Revenir Lundi matin, 11 heures 20. Le Casino Luxembourg – Forum d’art contemporain a rouvert ses portes pour la première fois depuis deux mois. À l’accueil, Isabelle Weis, assise derrière une protection en plexiglas, porte un masque design et salue chaleureusement. Au premier étage, l’exposition monographique de Sophie Jung est à nouveau accessible ; elle sera prolongée jusqu’au 25 octobre. Cette semaine, les autres musées et espaces d’exposition publics et privés sont sortis les uns après les autres de leur léthargie. Le Premier ministre Xavier Bettel (DP) avait annoncé lundi dernier seulement que certaines infrastructures culturelles allaient pouvoir déconfiner dès le 11 mai, en parallèle aux commerces, aux services à la personne et aux sports individuels. La ministre de la Culture Sam Tanson (Déi Gréng) voulait absolument que la culture soit là, pour que le public puisse retourner au musée ou à la bibliothèque en même temps qu’il peut refaire du shopping ou aller chez le coiffeur. La prochaine étape du déconfinement pourrait avoir lieu dès le 1er juin, avec la réouverture du secteur de l’horeca notamment, qui correspondrait aussi à une sorte de reprise des activités du spectacle vivant.
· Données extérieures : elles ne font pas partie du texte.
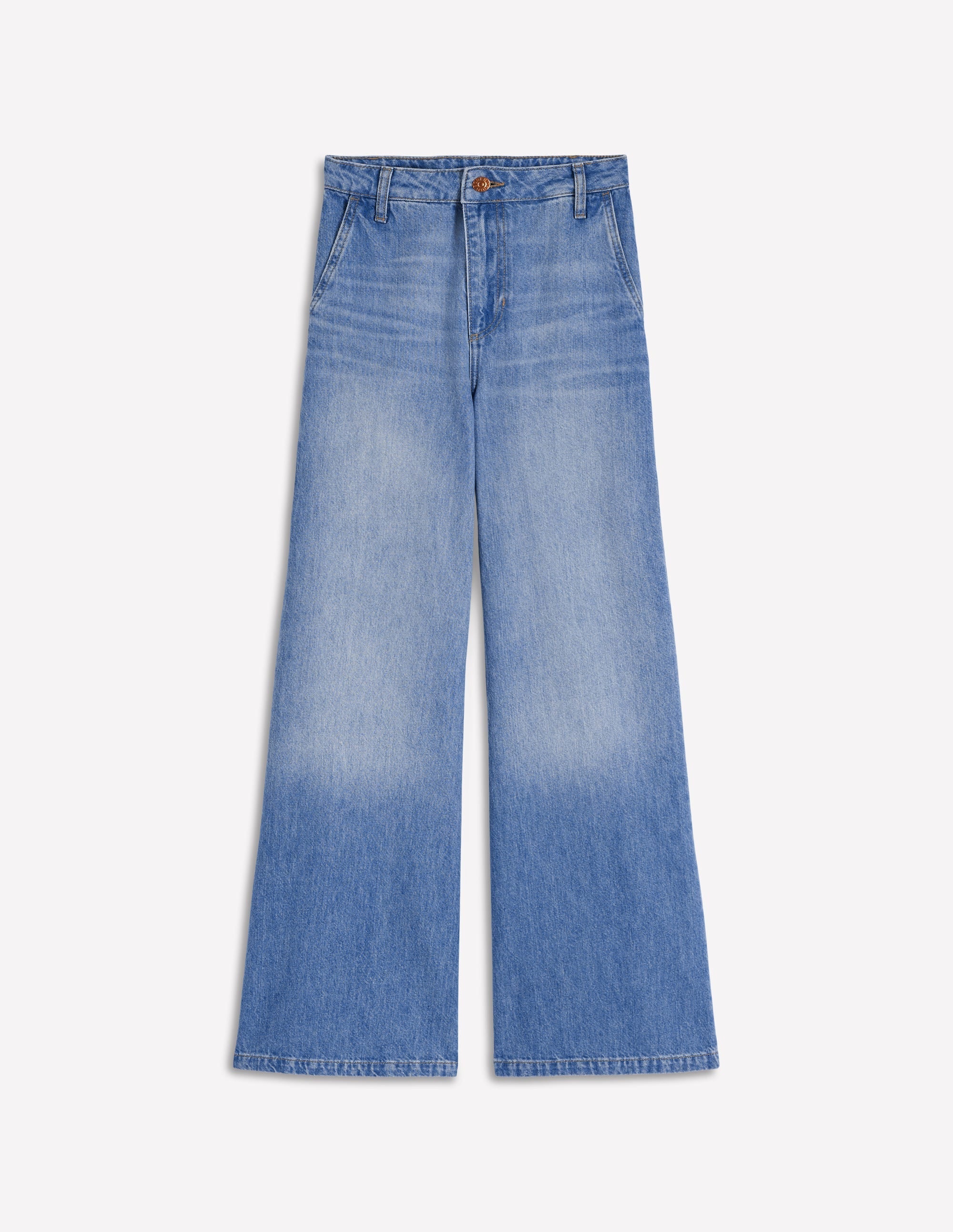 High Rise Palazzo Jeans-Light Wash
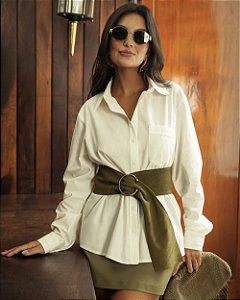 Camisa Tricoline Algodão Bolso Pregas Donna Ritz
La politique « Il est essentiel que les artistes puissent travailler, estime la ministre vis-à-vis du Land, mais il est aussi élémentaire que le public ne perde pas le lien, l’envie d’aller au spectacle. Tout cela, bien sûr, dans le respect des normes sanitaires. » Déjà aujourd’hui, il serait, selon elle, tout à fait possible de reprendre des répétitions de pièces, dans le respect de ces règles sanitaires pour éviter toute propagation du virus : distanciation sociale d’au moins deux mètres ou port de masques de protection par exemple. Mais le spectacle vivant est le lieu même de l’échange et de la convivialité, comment les faire perdurer dans la distance ? La Volleksbühn a montré avec beaucoup d’espièglerie, dans sa série de spectacles retransmis par streaming, qu’il est impossible d’envisager la passion de Romeo & Juliette s’ils ne peuvent même pas s’approcher l’un de l’autre. Avec un ministère de la Culture très proactif et à l’écoute du secteur dès le début du confinement, à la mi-mars, qui a très rapidement adapté les conditions pour l’obtention des aides pour intermittents et artistes indépendants (le gouvernement a élargi ces conditions jusqu’à fin juin lors de sa réunion en conseil de ce lundi 11 mai), il n’est pas nécessaire d’en appeler louderment au romantisme social ici (« la culture est un produit de première nécessité » titrent de nombreux éditorialistes sur la question). C’est le temps de la rationalité – et de l’imprévu. Déconfiner oui, mais quand et comment ?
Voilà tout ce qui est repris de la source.